**Data excerpts:**
•••

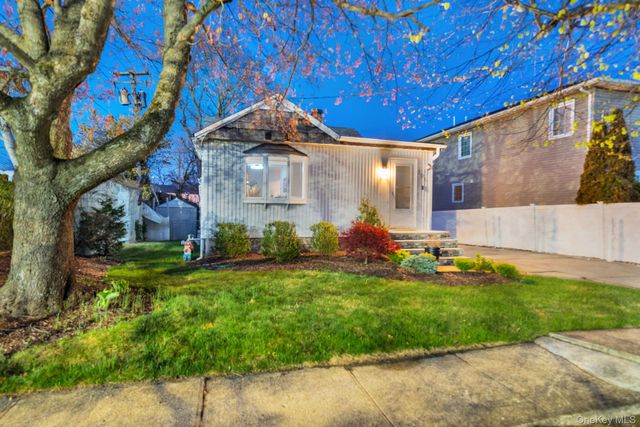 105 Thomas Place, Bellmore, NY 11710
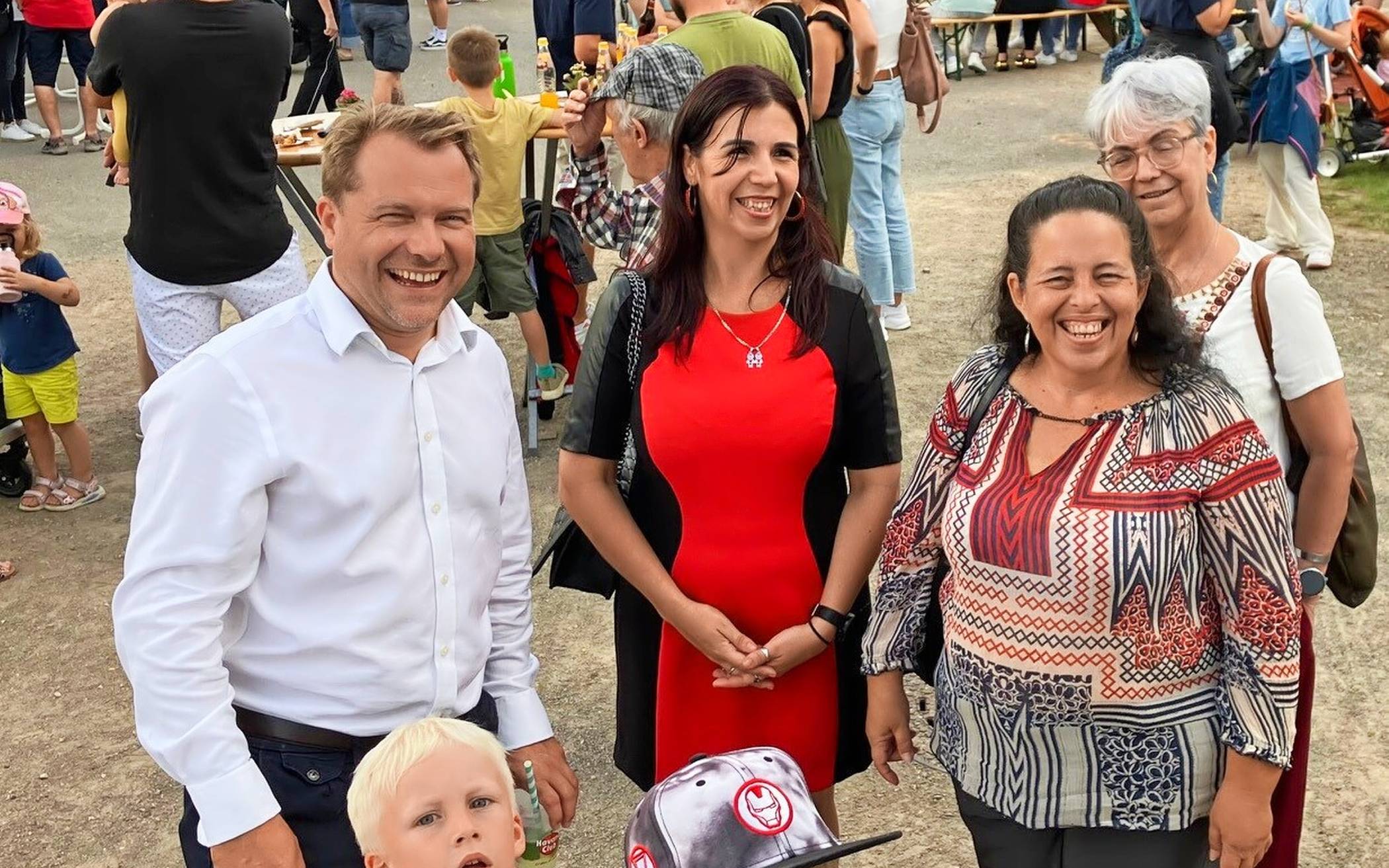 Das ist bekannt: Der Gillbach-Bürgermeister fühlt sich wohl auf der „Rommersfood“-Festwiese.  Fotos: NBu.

•••

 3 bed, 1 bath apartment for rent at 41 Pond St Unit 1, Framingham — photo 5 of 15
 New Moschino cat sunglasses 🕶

•••

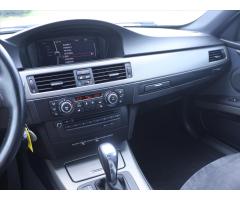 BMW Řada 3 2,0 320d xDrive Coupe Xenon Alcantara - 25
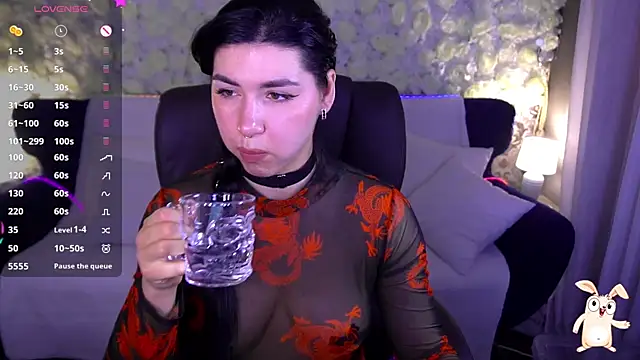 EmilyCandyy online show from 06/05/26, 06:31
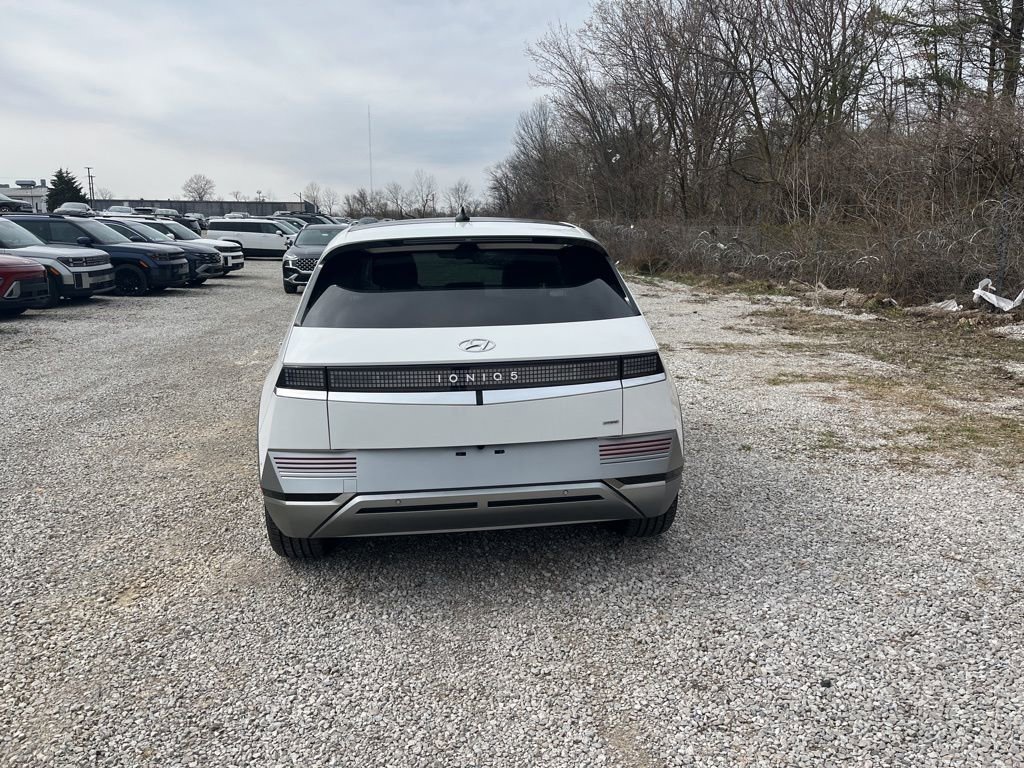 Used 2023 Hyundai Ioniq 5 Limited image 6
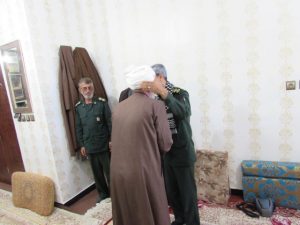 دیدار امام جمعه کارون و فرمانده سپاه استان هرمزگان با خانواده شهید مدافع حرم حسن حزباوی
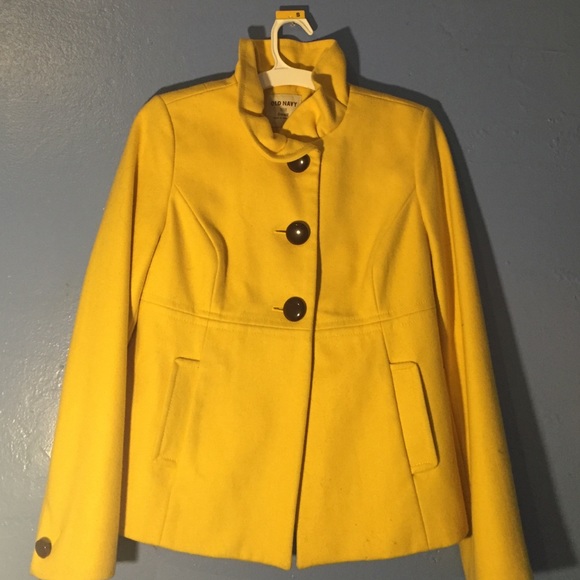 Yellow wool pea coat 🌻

•••

**Task objective:**
Work from the entries above. Set down exactly and only the lines from the line with "105 Thomas Place, Bellmore, NY 11710" to the line with "Das ist bekannt: Der", both included, and leave the pictures out.

**Your response:**
 105 Thomas Place, Bellmore, NY 11710
 Das ist bekannt: Der Gillbach-Bürgermeister fühlt sich wohl auf der „Rommersfood“-Festwiese.  Fotos: NBu.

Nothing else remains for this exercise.